Créer un organisme pour regrouper les commandes d’armement de l’Europe. Voilà l’un des thèmes de la réunion des ministres des Finances de l’Union européenne ce samedi. Ces derniers discutent actuellement de la création d’un Mécanisme européen de défense (EDM), un organisme supranational qui centraliserait l’achat d’armes et les mettrait à disposition des pays européens participants en échange d’une contribution. « C’est un bon point de départ pour la discussion », a estimé le ministre portugais des Finances, Joaquim Miranda Sarmento.
Cette proposition d’inspiration britannique a été soumise aux Vingt-Sept par le groupe de réflexion économique Bruegel, basé à Bruxelles, dans le but de permettre aux pays européens de financer leur effort de réarmement sans avoir à trop lourdement s’endetter, sur fond de désengagement des États-Unis sur le continent. Dans ce contexte, plusieurs pays membres de l’UE se sont dits intéressés par la mise en place d’un tel mécanisme, dont l’architecture rappelle celle du Mécanisme européen de stabilité mis en place pendant la crise de la zone euro.
Un plan de réarmement de 800 milliards d’euros
L’UE met les bouchées doubles sur le réarmement. La Commission européenne a notamment dévoilé un plan de 800 milliards d’euros sur quatre ans dans cette optique. Elle s’est aussi dite prête à assouplir les règles budgétaires imposées aux États, en excluant les dépenses militaires du calcul du déficit budgétaire, et à lancer un emprunt commun de 150 milliards d’euros.
Mais cet engagement ne résout pas le problème de financement des pays très endettés, qui verraient leur dette s’alourdir davantage même si leur déficit reste dans les clous.
L’idée d’un fonds intergouvernemental a donc fait son chemin pour acquérir certains armements qui pourraient bénéficier à la sécurité de l’ensemble des pays participants, comme des missiles ou des systèmes de satellites militaires. Cet EDM serait doté d’un capital propre important, ce qui lui permettrait d’emprunter sur les marchés. Il pourrait en outre être ouvert à des pays extérieurs à l’UE qui partagent la même préoccupation face à la menace d’une attaque de la Russie, comme le Royaume-Uni, l’Ukraine et la Norvège. L’EDM étant propriétaire des équipements qu’il achèterait, la dette contractée pour les payer serait inscrite dans les comptes de l’EDM, plutôt que dans les comptes nationaux.
Mieux financer le réarmement
Un tel mécanisme favoriserait en outre l’émergence d’un marché européen de la défense, ce qui pourrait permettre de réduire les coûts et de mettre en commun les ressources des États participants.
De plus, à l’heure actuelle, le marché européen de l’armement est très fragmenté, avec par exemple pas moins de sept types de chars d’assaut ou de véhicules de combat d’infanterie, ce qui réduit l’interopérabilité entre les armées européennes et empêche des économies d’échelle.

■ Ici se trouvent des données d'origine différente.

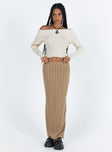 Nicolle Maxi Skirt Beige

L’EDM pourrait dans un premier temps concentrer ses efforts sur des armements ou infrastructures stratégiques nécessaires au bon fonctionnement des armées, pour lesquels l’Europe est à l’heure actuelle très dépendante des États-Unis. Il s’agit notamment de systèmes de commandement et de contrôle interarmées, du renseignement et de la communication par satellite, du développement de nouveaux systèmes coûteux comme les avions de chasse de cinquième ou sixième génération, des systèmes de défense aérienne ou encore des missiles servant à la dissuasion nucléaire.
Selon le document du groupe Bruegel, l’UE ne pourra réduire sa dépendance militaire à l’égard des États-Unis d’ici 2030 que si elle fait des achats en commun et crée un marché européen de la défense qui réintégrerait le Royaume-Uni, acteur industriel majeur du secteur.